Quizá lo más característico de nuestra civilización sea, precisamente, el endiablado ritmo con que ocurren
las cosas. Lo que ayer mismo era normal, hoy se ha convertido en desusado. Las ideas en que nos
sosteníamos son socavadas desde todos los frentes. La inseguridad se nos ha vuelto ley de vida. La gente
mira a derecha e izquierda inquietamente y te pregunta: Pero ¿qué es lo que nos pasa? Y no se dan cuenta
de que lo que nos pasa es, precisamente, que no sabemos qué es lo que nos pasa.

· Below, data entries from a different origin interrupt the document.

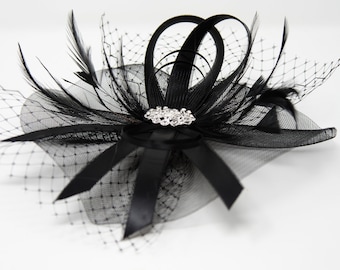 Schwarzer Fascinator mit Diamantè Brosche an Clip, Kamm und Alice Band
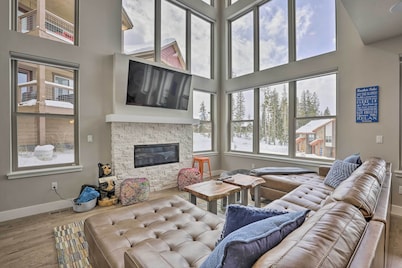 Winter Park Area Retreat, Walk to Ski Shuttle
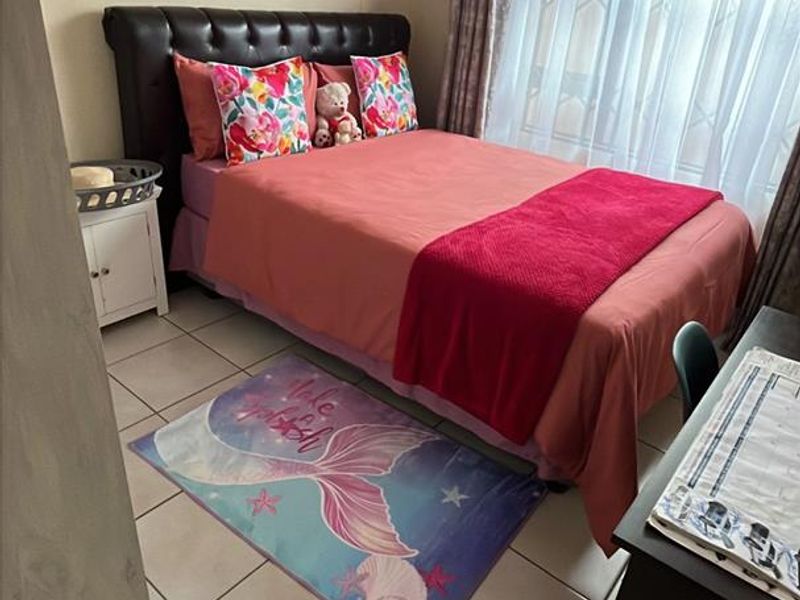 Lovely Home For Sale - Photo 6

Y surge el miedo. El hombre -lo queramos o no- es un animal de costumbres. En cuanto pasan las
inquietudes de la juventud, todos tendemos a instalarnos: en nuestras ideas, en nuestros modos de ser y de
vivir. Cuando alguien nos lo cambia, sentirnos que nos roban la tierra bajo los pies. Y, al sentirnos
inseguros, brota el miedo.

Un miedo que se percibe en todos los campos: hay creyentes angustiados que temen que les «cambien» la
fe. Hay padres que tiemblan de sólo pensar en el futuro de sus hijos. En el campo político son muchos los
que ya cambiaron las ilusiones de los años setenta por los miedos del ochenta.

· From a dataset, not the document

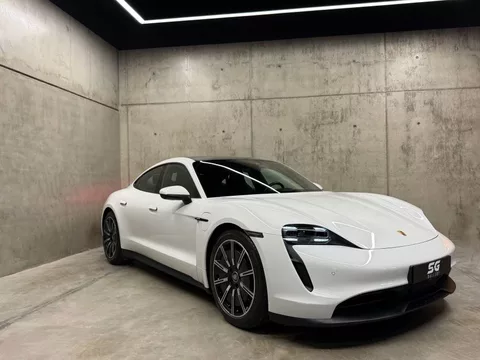 PORSCHE Taycan Taycan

Y hay que decir sin rodeos que no hay mejor camino para equivocarse que el que juzga y construye sobre
el miedo. Porque si el pánico paraliza el cuerpo del que lo sufre, también inmoviliza y encadena su
inteligencia. El miedoso se vuelve daltónico.- ya no ve sino las cosas que le amenazan. Y no se puede
construir nada viviendo a la defensiva.

El miedoso es alguien que apuesta siempre por el «no» en caso de duda. Se rodea de prohibiciones y
murallas. Y termina provocando los efectos contrarios a los que aspira. Un padre aterrado ante el futuro
de sus hijos no tardará mucho en convertirlos en rebeldes. Un obispo o un cura que tiembla ante el futuro
de la fe fabricará descreídos o resentidos. Un viejo que temo la muerte se olvidará de vivir. Un joven
dominado por el temor se volverá viejo antes de tiempo.

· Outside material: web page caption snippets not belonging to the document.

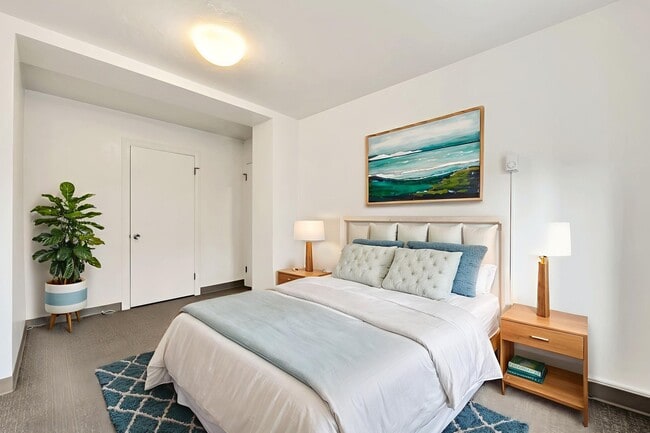 M202 - Uptown Arms & Manor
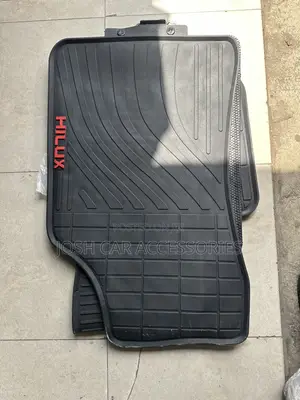 Toyota Hilux Rubber Floor Mats - Sabon Abu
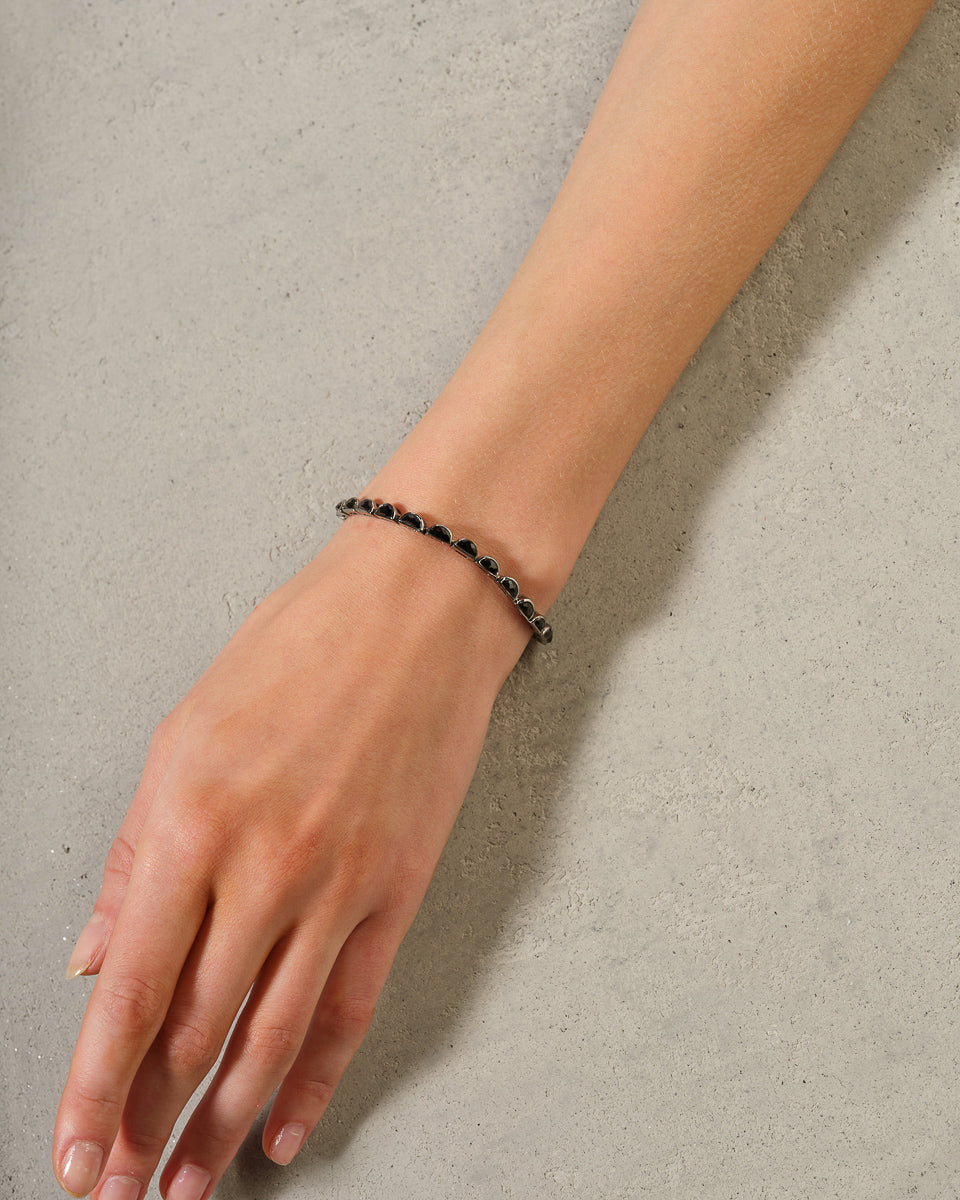 Small Scallop Tennis Bracelet - Black Spinel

Esto, naturalmente, no significa canonizar todo cambio. Los hay en los que el mundo avanza (y deben ser
apoyados por todos) y algunos en los que se camina hacia atrás. Y habrá que resistir frente a ellos. Pero
resistir desde la seguridad de aquello en lo que se cree, no desde el pánico de lo que se teme. El miedoso
no se atreve a confesárselo, pero en realidad teme porque no está seguro ni de sus creencias ni de si
mismo. Entonces se defiende y patalea. Pero ya no defiende su verdad, sino su seguridad.No hay que
tener miedo. Nunca. A nada. Salvo a nuestro propio miedo.